Afetações em origem condizente a perfis de ataque e origem respectiva transitórios baseadas ou que manifestam origem no espectro focado de vertente relacionada na via no referenciado âmbito vertebrobasilar do paciente referenciam associações em raízes ou com os leitos estreitos na base da patologia respectiva oriunda do território originário ao fluxo restrito em cariz na artéria ou ramos da própria basilar ou condicionados na estrutura da vertebra distal na zona de irrigação base e condizente ao suprimento respectivo sob escopo e foco do local e afetações decorrentes nas análises dos eventuais leitos da vertente investigada sob análise condizente à região avaliada na patologia correspondente investigativa do problema isquêmico atrelado aos indícios apontados aos pacientes dos eventos isquêmicos do diagnóstico condizente em base investigativa respectiva local [6]. Usualmente costumam vir atreladas as bases em reincidências de características inerentes à própria base da estase no suporte vascular em oposição de cunhos ou vieses ou vertentes baseadas nas matrizes puramente atreladas a eventos de origem obstrutiva subjacente à patologias derivadas sob viés de eventos condizentes a fatores com perfis com trombo no vaso [6].
Em suma baseia-se os condizentes fatores às esferas com os providos de aspectos na afetação condizente ou nas origens referenciadas de viés afeito e embólico das patologias do AIT nas diretrizes gerais e correspondentes ou em esferas da oclusão e estenose local em origem das hipoperfusões correspondentes as raízes associadas do leito vascular focado para eventuais exames ou patologias nas etiologias do laudo e protocolos diagnósticos [6, 14]. Estabelecer vias corretas do foco embólico gera prerrogativas plenas das ações corretas no trato da condição investigativa condizente com as terapêuticas respectivas ou base e escopo de atuação protocolar das terapias aplicadas nos laudos médicos [6]. Lacunas perduram em âmbitos da constatação ou escopos compreensivos base sob ou na via dos conhecimentos no referencial aos verdadeiros processos no qual ocorre em vias precisas de ação das causas hipoperfusivas geradas ou subjacentes às matrizes geradoras desses transtornos de afetações correspondentes isquêmicas transitórias subjacentes perante a base de avaliação científica médica da área da especialidade correspondente nas clínicas [6].

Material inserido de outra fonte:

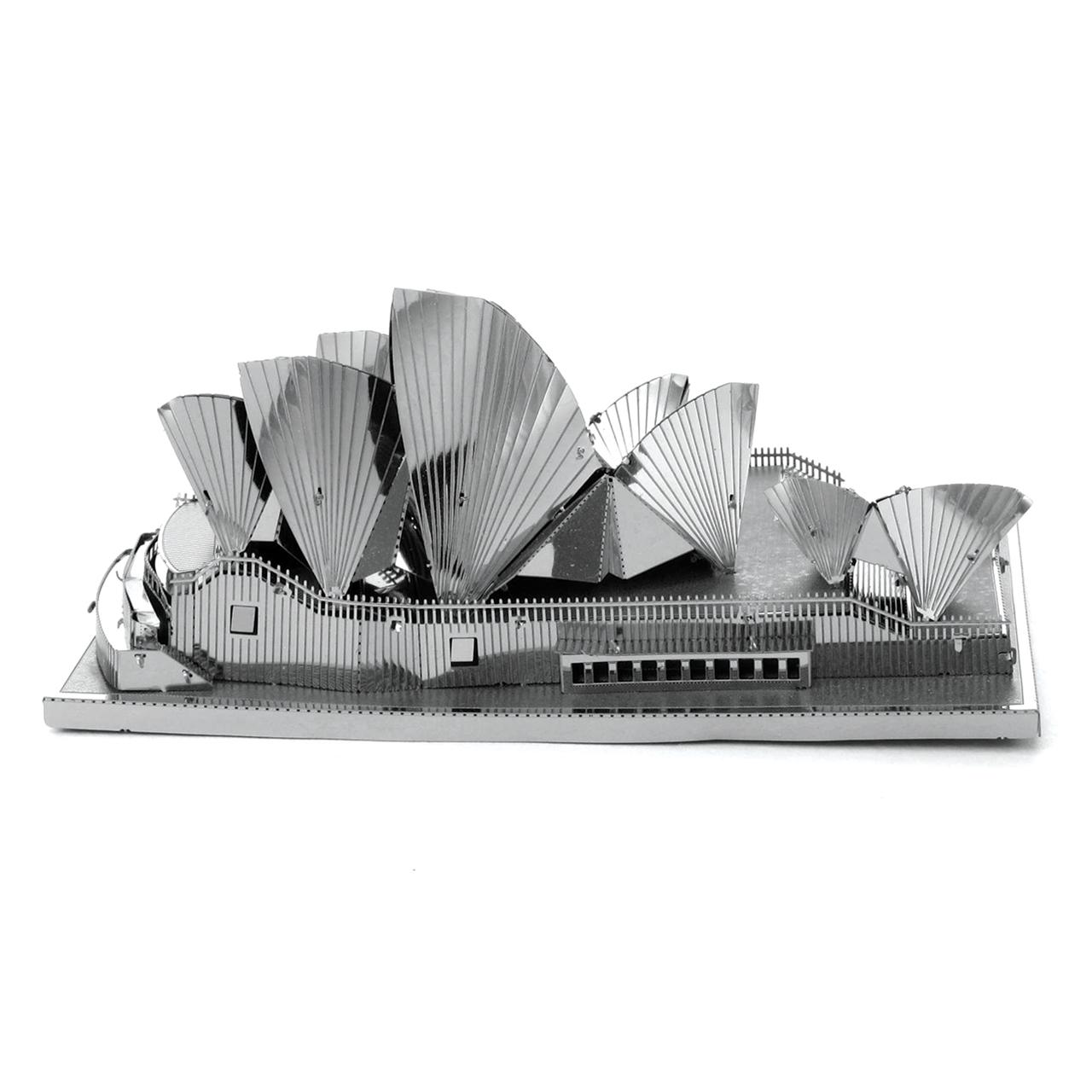 sydney-opera-house_03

Embora com a base dos atributos perfeitamente revertidos do que seria o AIT na íntegra de suas referenciadas ou originárias facetas as mesmas denotam os alertas mais vigorosos aos acidentes severos referenciados em estágios iminentes no futuro próximo sob condições com reincidências nas raízes do paciente [14]. Baseia-se assim no fato de correlações indissolúveis de perfis subjacentes nas considerações atreladas à avaliação das fisiopatologias do AVC para com as origens nas síndromes originadas para com condutas de AIT e atreladas nos protocolos condizentes nos perfis terapêuticos condicionados para tratamento das bases do próprio problema em tela focado na clínica especializada e na respectiva área referenciada na atuação contínua aos problemas subjacentes nos respectivos quadros dos eventos e sequelas condizentes às isquemias do tecido abordado e com tratamento base protocolar [14].

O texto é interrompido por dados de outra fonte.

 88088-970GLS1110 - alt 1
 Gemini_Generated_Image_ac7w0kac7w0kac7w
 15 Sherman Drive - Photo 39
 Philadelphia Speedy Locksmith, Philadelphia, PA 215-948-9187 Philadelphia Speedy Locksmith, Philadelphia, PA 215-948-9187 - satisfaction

Do mesmo modelo referenciado e aplicável ao caso de um infarto em si com AVC associado também aos perfis e condutas ou enquadramentos diagnósticos base referenciados, requer nas condutas o AIT na investigação da base em um escopo próprio com perfil diagnóstico atrelado com as próprias e exclusivas características causais ou de viés estritamente da vertente base na etiologia sob as atuações correspondentes perante ou nos focos correspondentes gerando as devidas e corretas resoluções ou terapias na melhor prática em protocolos no ramo condizente sob orientação clínica do próprio caso atrelado subjacente aos protocolos do próprio sistema de diretrizes subjacentes locais de excelência da especialidade em pauta perante acompanhamento devido à patologia preeminente correspondente da especialidade referida [14].

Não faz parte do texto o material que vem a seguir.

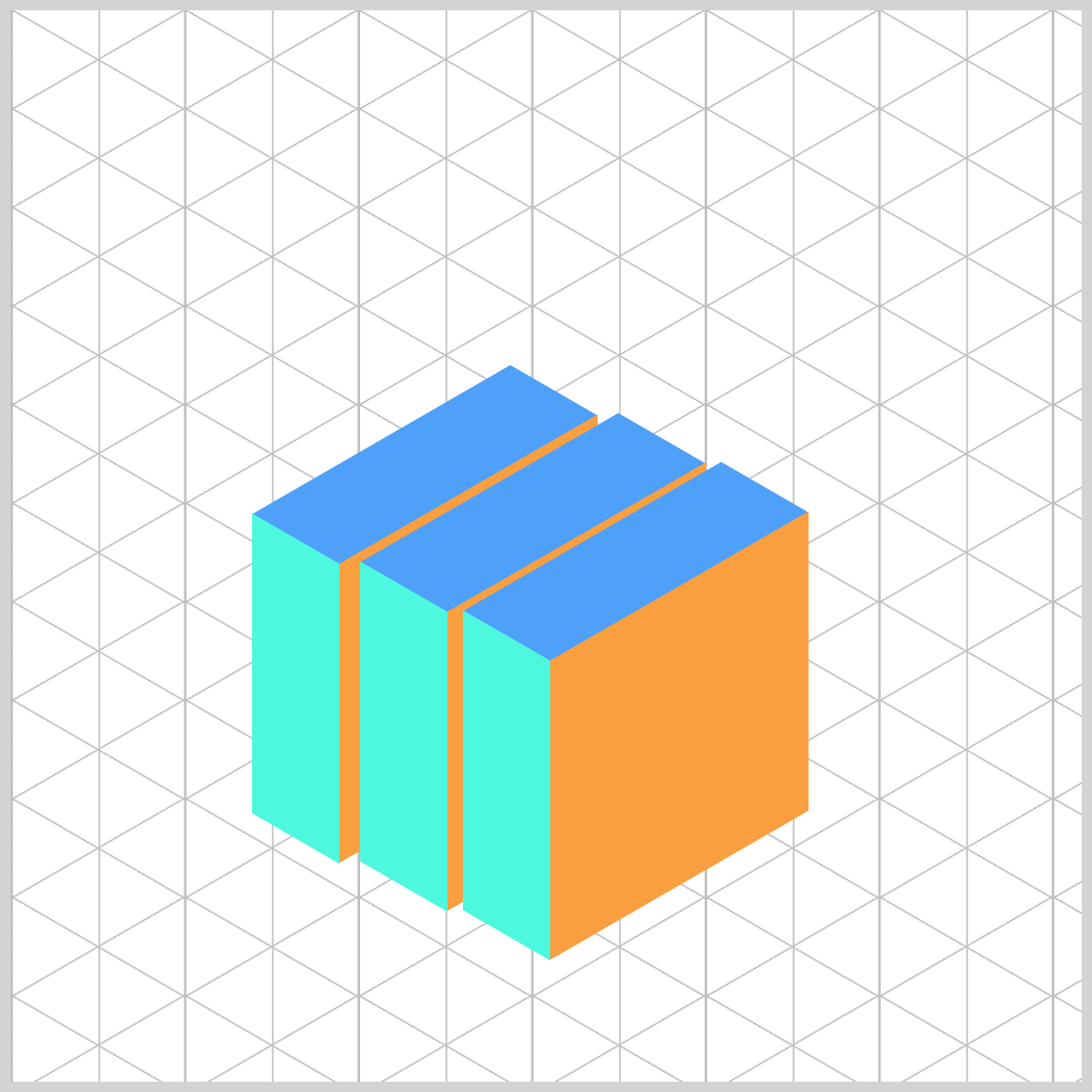 Reverse Animation - Position 4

Diagnóstico do AVC Isquêmico, Ataque Isquêmico Transitório (AIT) e Isquemia Cerebral
O conjunto das diretrizes e atuações de base do exame no diagnóstico preeminente perante quadros condizentes com indícios ligados ao AIT, infartos das vias do sangue para as correspondentes bases sob afetação na isquemia cerebral contêm ou requerem habitualmente os seguintes padrões ou perfis das análises clínicas condizentes na medicina para esse grupo referenciado em suspeitas de acidentes dos quadros correlatos [5, 6, 11]:
- A minuciosa e atenta atuação do médico no exame neurológico direto no paciente do caso referido em questão sob a suspeita correlata na pauta e na ocorrência com o viés investigado na pauta.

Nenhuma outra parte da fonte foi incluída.